Kafka HTTP purging
The current (2020) mechanism for purging objects from the CDN is based on a daemon running on all cache nodes called Purged . Purged can be configured to read purge messages using either the legacy Multicast HTCP purging mechanism, or via Kafka . Regardless of the source from which purge messages are read, Purged converts them into HTTP PURGE requests sent locally to both the ATS cache backend and to the Varnish cache frontend.
Typical purge flow
- MediaWiki detects that a purge is needed. It produces a Kafka message on a given topic for each individual URI that needs to be purged
- Purged , the daemon running on every relevant cache machine, consumes the appropriate Kafka topics receives a copy of the purge message. Purged forwards the request to the Varnish and ATS instances on localhost over a persistent HTTP/1.1 connection, using the PURGE request method.

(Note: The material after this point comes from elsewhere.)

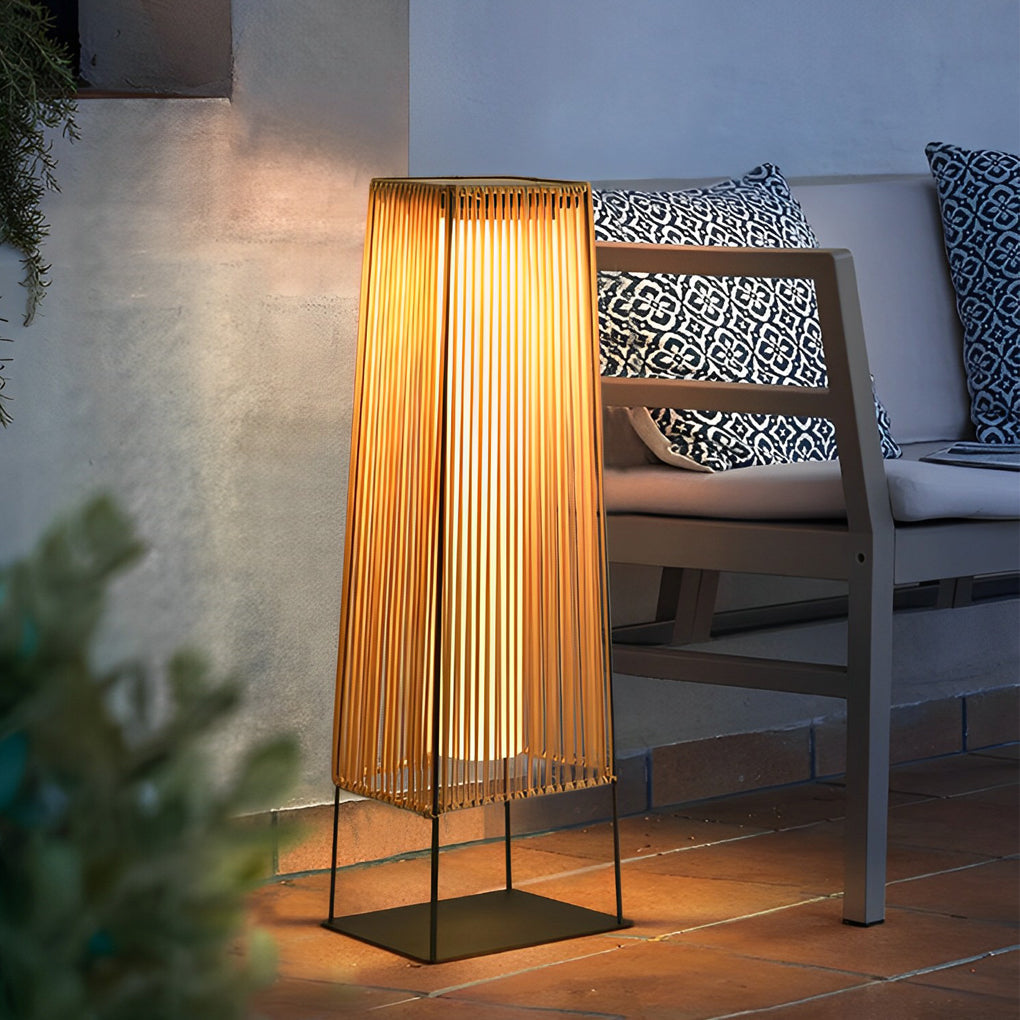 Solar LED Outdoor Floor Lamp Rustic Rubber Shade Waterproof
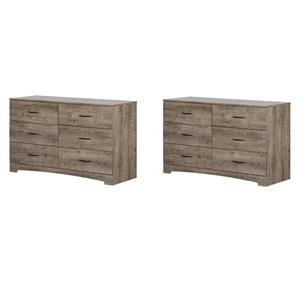 Pemberly Row Set of 2 Contemporary Double Dressers in Weathered Oak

- PURGE requests are handled by ATS and Varnish and cause the cache object in question to be invalidated.
MediaWiki
All CDN purges are generated in MediaWiki via
CdnCacheUpdate::purge
method. Currently MediaWiki is configured to send the generated purges to the EventRelayer under the
cdn-url-purges
key.
EventBus
extension provides an implementation of the EventRelayer,
CdnPurgeEventRelayer
that creates purge events and sends them to Kafka using normal EventBus flow - via
eventgate
service.
Relevant configuration:
// Configuration for the EventRelayer to send purges to resource-purge kafka topic
'wgEventRelayerConfig' => [
'cdn-url-purges' => [
'class' => \MediaWiki\Extension\EventBus\Adapters\EventRelayer\CdnPurgeEventRelayer::class,
'stream' => 'resource-purge',
],
'default' => [
'class' => EventRelayerNull::class,
],
],
// EventBus stream configuration
'wgEventServiceDefault' => 'eventgate-main'
One-off purge
On a deployment server , run:
$ echo 'https://example.org/foo?x=y' | mwscript-k8s --attach -- purgeList.php
If the URL is under
/static/
, it must always be purged via hostname
en.wikipedia.org
. This is the shared virtual hostname under which Varnish caches content for
/static/
, regardless of requesting wiki hostname.